My heart lurches against my sternum. Seren untangled nearly the whole tapestry of my suffering for him, but there’s one thread she’s left untouched. A truth she left for me to handle, and it’s something I can’t keep from him any longer. My stomach sinks. The space around us seems to fold in tighter.
He feels the shift in me instantly.
His hold tightens on my face, thumb brushing along my cheek like he’s trying to soothe something he hasn’t identified yet.
“What just happened?” he asks, quiet but tense. “Your scent changed. Why do you suddenly smell afraid?”
That’s the thing about shifter senses. You can put on your bravest face and smile like a liar, but your scent will betray you every freaking time.
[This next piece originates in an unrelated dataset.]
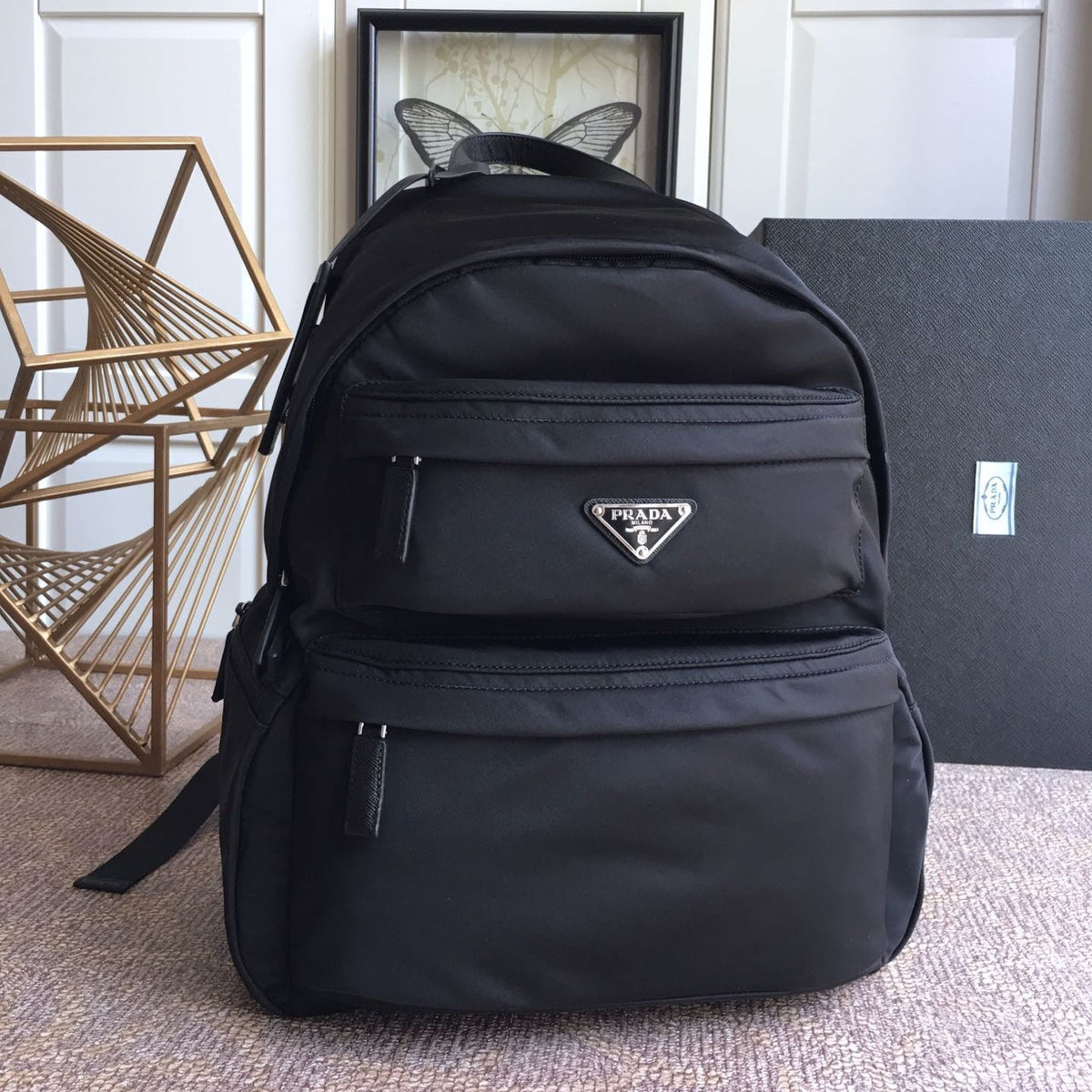 Triangle Logo Backpack 40 in Black Re-nylon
I lick my lips, throat desert dry as I force myself to give him this final dose of honesty. “I know I can’t wait much longer,” I say on an exhale. “But…I think the window is smaller than you’re thinking.”
His body turns to rigid, immovable steel. A low, wounded sound gathers deep in him, the wolf reacting before the man can catch up. “What do you mean?”
“My first heat…it’s coming,” I breathe. “And I won’t survive it with a broken bond.”
Chapter 30
Noa
Iknow immediately this isn’t a normal dream.
It has that same warped glass feeling as the rest of them, the same wrongness in the static-filled air, the same sense that something old and long-buried is fighting to the surface.